It has been clearly demonstrated that blog posts with compelling imagery perform much better in every respect – click-through rates, search visibility, conversion ratio and page views – even reader comprehension increases. The simplest solution to great images is taking your own (if you have the skill and camera equipment). But when you aren’t able to take time to create images, there are other options which will work just as well. Screen captures, stock photos, graphs & charts or even user generated Instagram or Facebook photos – with the creators approval.

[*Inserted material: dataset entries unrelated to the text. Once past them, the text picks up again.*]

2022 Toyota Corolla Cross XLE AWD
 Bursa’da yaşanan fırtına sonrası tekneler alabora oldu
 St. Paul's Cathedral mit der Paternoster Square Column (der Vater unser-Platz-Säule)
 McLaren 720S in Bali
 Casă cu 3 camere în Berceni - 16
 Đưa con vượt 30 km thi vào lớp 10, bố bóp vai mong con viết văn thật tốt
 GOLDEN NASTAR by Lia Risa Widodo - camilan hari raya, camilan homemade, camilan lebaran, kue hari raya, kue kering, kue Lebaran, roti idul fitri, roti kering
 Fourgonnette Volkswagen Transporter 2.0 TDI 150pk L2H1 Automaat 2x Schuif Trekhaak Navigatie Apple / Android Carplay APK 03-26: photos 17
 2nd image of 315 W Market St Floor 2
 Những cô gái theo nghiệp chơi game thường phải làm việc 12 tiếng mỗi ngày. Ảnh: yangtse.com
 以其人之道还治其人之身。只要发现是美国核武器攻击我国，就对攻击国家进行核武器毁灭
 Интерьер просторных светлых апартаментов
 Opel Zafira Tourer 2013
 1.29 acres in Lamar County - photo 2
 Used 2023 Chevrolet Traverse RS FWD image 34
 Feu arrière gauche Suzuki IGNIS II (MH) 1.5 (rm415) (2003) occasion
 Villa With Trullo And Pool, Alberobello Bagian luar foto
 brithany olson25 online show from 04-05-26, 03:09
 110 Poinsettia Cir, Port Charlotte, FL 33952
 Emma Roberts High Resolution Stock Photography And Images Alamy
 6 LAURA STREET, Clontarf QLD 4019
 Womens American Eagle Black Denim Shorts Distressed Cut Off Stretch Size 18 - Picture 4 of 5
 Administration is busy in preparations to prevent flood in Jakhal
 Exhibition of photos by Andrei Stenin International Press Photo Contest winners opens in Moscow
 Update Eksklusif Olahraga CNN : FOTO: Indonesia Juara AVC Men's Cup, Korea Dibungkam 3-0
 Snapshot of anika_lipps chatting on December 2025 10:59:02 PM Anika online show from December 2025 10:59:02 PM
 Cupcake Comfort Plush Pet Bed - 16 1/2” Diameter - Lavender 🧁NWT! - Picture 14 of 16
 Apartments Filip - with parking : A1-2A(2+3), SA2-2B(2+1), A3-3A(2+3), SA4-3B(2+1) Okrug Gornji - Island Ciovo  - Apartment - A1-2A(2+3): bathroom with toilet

Yes, it’s a visual medium, that’s true, but text is only part of it. Great bloggers know blog images are critical. They are an all-important ingredient, second only to a great headline. Every great book needs a cover; every great post needs an image. Why? The blog image directly affects shares and traffic. Images get shared more in Twitter. Tweets with pictures see a 35% increase in retweets. And posts with images get shared a lot more on Facebook. 87% of the top posts in Facebook include pictures. ‘Blog Images Best Practices’ by Orbit Media

It can be well worth the time invested to add images to your business blog posts so that you can add titles with large, stylized text over the image to more strongly take an editorial position. If you haven’t got experience with simple graphics programs that facilitate applying text, it can be a valuable addition to your blogging arsenal. For example, there are apps for iPhones that easily let you type in text over images and plenty of inexpensive desktop software to accomplish the same task. Photographs with text titles are a staple of business blog imagery. Screen captures with text labels can illustrate software concepts and provide colorful emphasis as overlays on images of charts and graphs.

Business blogs that feature visually interesting photos get more clicks on their article pages because there is more than a simple headline to grab the readers attention. Including large quotes across scenic backgrounds can work, depending on the subject you want to discuss in your post. Easily recognizable symbols such as a dollar sign, exclamation point or question marks can quickly draw attention to a post if applied to appropriate background images.

We’ve all seen images that can instantly evoke moods of loneliness, excitement or make us laugh out loud. Speaking of laughing, cartoons on your subject can be licensed inexpensively through a cartoonist syndication site such as CagleCartoons. It makes sense to choose a style and stick to it if your site has a strong color scheme you want to consistently compliment or a theme that lends itself to a single color palette. Whatever you decide to do, consider using images on every single post and use multiple images on long posts to help break up large blocks of text.